Posted on the 28 November 2014 by Thehollywoodrevue

Red-Headed Woman 1932

Plot

Lil Andrews (Jean Harlow) is a woman who lives on the wrong side of the tracks, but she’ll stop at nothing to move up in the world. The best way she can think of to accomplish that goal is to marry a wealthy man and she sets her sights on her boss, Bill Legendre (Chester Morris). The fact that he’s happily married and devoted to his wife Irene (Leila Hyams) means nothing to Lil. She relentlessly tries to seduce Bill to break up their marriage.

When Lil finally succeeds in destroying Bill’s marriage, she marries him and completely throws herself into her new role of high society wife. She shows off her newfound status at every chance she gets, but is totally dismayed when she’s continually snubbed by the other elite people in town, who are still loyal friends to Irene. Just when Lil thinks she’s found a way to force them to accept her, they ditch her party to go to Irene’s instead.
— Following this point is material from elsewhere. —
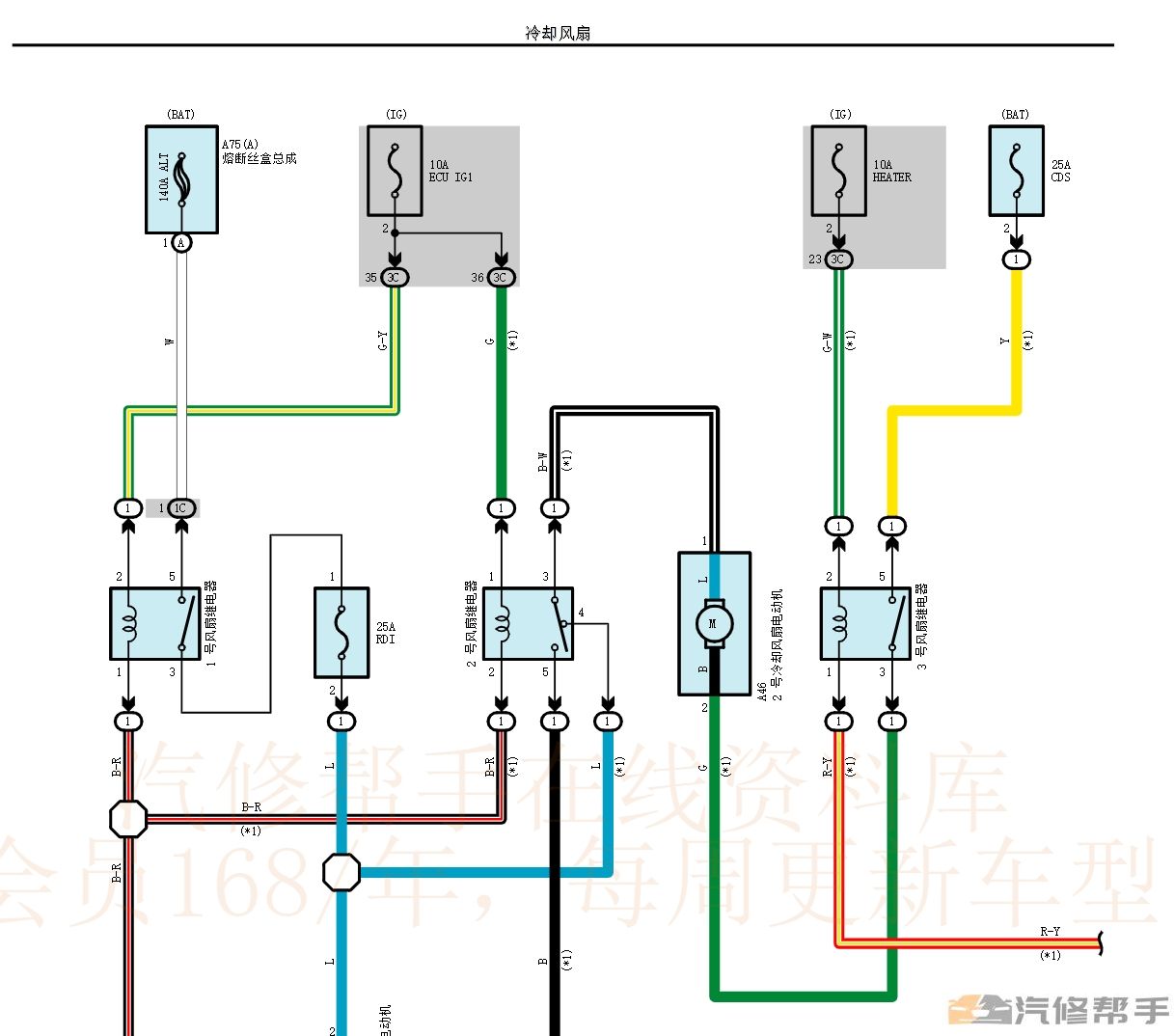 2017年豐田86維修手冊和電路圖線路接線圖資料下載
Fed up, Lil leaves to spend some time in New York. Meanwhile, Bill has reason to suspect that Lil has been two-timing him.


My Thoughts

For as cold and relentless Lil is, it’s hard not to love Jean Harlow in this role. She is just so incredibly brazen, forward, and over the top; it’s extremely hard to not be entertained by her. I especially love the scene where she’s driving down the street to her hair apartment in her flashy new car, wearing her expensive new clothes, with her dog sitting in the passenger seat, turning the heads of everybody on the sidewalk. As she’s driving along, there’s marching band music playing, and when she turns the car off, the music stops, so it turns out the music is what was playing on her car radio. It always makes me laugh so hard that she was essentially throwing herself a one-woman parade; it’s too much and I love it.

Red-Headed Woman also features a nice, sharp script by Anita Loos and a wonderful supporting cast of Chester Morris, Leila Hyams, and Una Merkel.


The Definitive Pre-Code Moments

While trying on a dress:

Lil: “Can you see through this?”

Saleswoman: “I’m afraid you can, Miss.”

Lil: “I’ll wear it.”

Saleswoman: “Oh…”

Lil putting Bill’s picture into her garter belt.

The completely gratuitous scene where Lil’s catches her friend Sally (Una Merkel) wearing her pajamas and makes her take them off.


Why It’s an Essential Pre-Code

There were lots of movies about adultery during the pre-code era, but Lil is without a doubt the most completely shameless homewrecker of the era. Red-Headed Woman is another movie that was a nightmare for the Hays Office before the cameras even started rolling. Between Lil’s unapologetic adultery and the fact that in the end, she tries to shoot Bill (sorry for the spoiler) and gets away with it (and all of her other behavior) was very problematic for censors. Once the Hays Code was being more strictly enforced, any kind of criminal or amoral behavior had to be punished and that certainly doesn’t happen here. Seventeen cuts had to be made to it for it to be released in the United States, but it was banned in the United Kingdom and wasn’t officially screened there until 1965 — although King George V kept a copy of it in his personal collection.